Sobald der erste KLT erzeugt wurde und den Status 2-Erfasst hat, wird automatisch ein Verpackungsvorgang erzeugt.
Eine Kommissionierserie durchführen
Eine Kommissionierserie ist eine Zusammenfassung von mehreren Aufträgen in einem Kommissioniervorgang. So muss der Kommissionierer nicht einen Auftrag nach dem anderen abarbeiten, sondern bekommt gleich die Kommissionierung von Artikeln aus verschiedenen ähnlichen Aufträgen zugewiesen, was Zeit und Weg sparen kann.

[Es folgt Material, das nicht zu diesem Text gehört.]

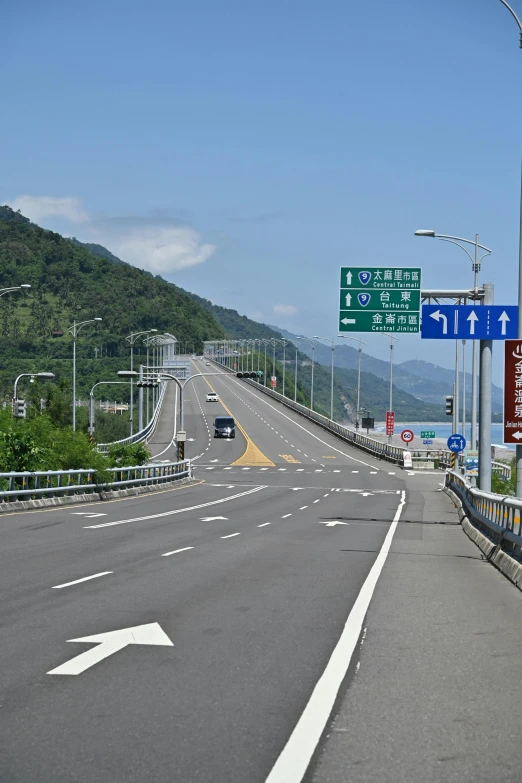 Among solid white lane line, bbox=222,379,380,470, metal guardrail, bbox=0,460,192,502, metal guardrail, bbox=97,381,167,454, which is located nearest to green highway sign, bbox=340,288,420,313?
metal guardrail, bbox=0,460,192,502

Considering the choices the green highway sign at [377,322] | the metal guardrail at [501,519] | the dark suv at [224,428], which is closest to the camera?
the metal guardrail at [501,519]

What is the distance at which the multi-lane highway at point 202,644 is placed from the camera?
20.7 feet

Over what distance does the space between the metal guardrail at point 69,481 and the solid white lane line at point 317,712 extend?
20183mm

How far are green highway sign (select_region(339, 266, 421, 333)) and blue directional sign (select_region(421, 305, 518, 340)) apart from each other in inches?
190

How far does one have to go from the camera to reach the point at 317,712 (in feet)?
24.3

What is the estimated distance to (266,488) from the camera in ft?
170

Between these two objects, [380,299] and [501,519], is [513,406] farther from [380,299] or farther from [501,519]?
[380,299]

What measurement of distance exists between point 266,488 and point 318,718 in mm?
44632

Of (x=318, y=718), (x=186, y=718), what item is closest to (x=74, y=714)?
(x=186, y=718)

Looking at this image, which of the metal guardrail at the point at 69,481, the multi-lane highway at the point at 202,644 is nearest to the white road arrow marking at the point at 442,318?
the multi-lane highway at the point at 202,644

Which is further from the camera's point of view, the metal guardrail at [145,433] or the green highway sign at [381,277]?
the metal guardrail at [145,433]

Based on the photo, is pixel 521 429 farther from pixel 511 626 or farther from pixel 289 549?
pixel 511 626

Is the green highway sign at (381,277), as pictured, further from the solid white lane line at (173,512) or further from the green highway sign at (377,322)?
the solid white lane line at (173,512)

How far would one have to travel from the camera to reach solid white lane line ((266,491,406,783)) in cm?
602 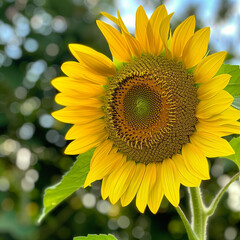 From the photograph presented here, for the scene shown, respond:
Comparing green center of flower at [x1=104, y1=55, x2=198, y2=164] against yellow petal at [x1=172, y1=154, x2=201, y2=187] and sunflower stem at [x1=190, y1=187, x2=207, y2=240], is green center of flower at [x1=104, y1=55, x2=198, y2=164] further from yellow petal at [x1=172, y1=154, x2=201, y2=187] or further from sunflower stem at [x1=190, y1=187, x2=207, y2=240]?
sunflower stem at [x1=190, y1=187, x2=207, y2=240]

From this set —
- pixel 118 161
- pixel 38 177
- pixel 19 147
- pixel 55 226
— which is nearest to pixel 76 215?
pixel 55 226

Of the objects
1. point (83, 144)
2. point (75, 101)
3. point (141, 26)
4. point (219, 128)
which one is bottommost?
point (83, 144)

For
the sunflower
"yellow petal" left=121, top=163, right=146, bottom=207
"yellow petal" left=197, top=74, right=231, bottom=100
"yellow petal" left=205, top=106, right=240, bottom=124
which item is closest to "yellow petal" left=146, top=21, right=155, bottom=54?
the sunflower

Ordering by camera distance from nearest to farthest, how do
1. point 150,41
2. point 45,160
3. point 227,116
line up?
point 227,116 → point 150,41 → point 45,160

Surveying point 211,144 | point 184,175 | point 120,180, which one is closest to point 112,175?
point 120,180

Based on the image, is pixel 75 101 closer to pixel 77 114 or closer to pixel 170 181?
pixel 77 114

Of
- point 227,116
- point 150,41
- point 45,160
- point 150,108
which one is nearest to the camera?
point 227,116

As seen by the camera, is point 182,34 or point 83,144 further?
point 83,144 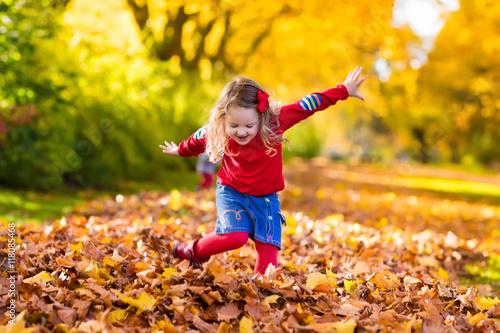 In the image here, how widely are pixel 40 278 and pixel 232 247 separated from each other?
112 centimetres

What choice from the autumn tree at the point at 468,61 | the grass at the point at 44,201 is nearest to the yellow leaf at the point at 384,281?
the grass at the point at 44,201

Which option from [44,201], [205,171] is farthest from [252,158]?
[205,171]

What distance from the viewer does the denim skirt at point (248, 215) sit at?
3.26 meters

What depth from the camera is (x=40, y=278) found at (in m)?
2.94

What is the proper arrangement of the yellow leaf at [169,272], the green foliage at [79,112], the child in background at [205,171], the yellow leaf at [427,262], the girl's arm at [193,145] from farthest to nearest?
the child in background at [205,171]
the green foliage at [79,112]
the yellow leaf at [427,262]
the girl's arm at [193,145]
the yellow leaf at [169,272]

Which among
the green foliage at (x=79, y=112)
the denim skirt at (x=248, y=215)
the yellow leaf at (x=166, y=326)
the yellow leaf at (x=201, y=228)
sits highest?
the green foliage at (x=79, y=112)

Bitte beachten Sie, dass für eine Kommissionierserie folgendes vorbereitet sein muss:
- Kommissionierseriennr. in der SIEVERS WMS Einrichtung hinterlegt
- Die Serienkommissionierung muss in der SWMS Feature Einrichtung aktiviert sein.
- Auftragsarten müssen für die Serienbildung aktiv sein
- Das Kommissionierteam muss die Option Serienkommissionierung aktiviert haben
- Es muss eine korrekte Serienbildungsstrategie angelegt sein
- Es kann ein automatischer Lauf der Aufgabe SNCL Kommissionierserien erzeugen in der Aufgabenwarteschlange vorhanden sein
Für die jeweiligen Status der Serie, schauen Sie bitte in den Abschnitt Status der Serienkommissionierung.
Im Wesentlichen funktioniert die Bearbeitung einer Kommissionierserie wie die normale Kommissionierung, insbesondere, wenn in der Serienbildungsstrategie ein Haken bei Automatische Freigabe gesetzt ist. Dadurch muss die Kommissionierserie nicht über den Serienmonitor freigegeben werden. Nach der Erstellung des Lagerbelegs für einen Auftrag in der Warenausgangsplanung erfolgt die Bearbeitung der Kommissionierserie folgendermaßen:
- Falls SNCL Kommissionierserien erzeugen nicht automatisch läuft, müssen Sie diese Aufgabe manuell ausführen. Wählen Sie hierzu in der Aufgabe die gewünschte Serienbildungsstrategie und führen Sie die Aufgabe aus.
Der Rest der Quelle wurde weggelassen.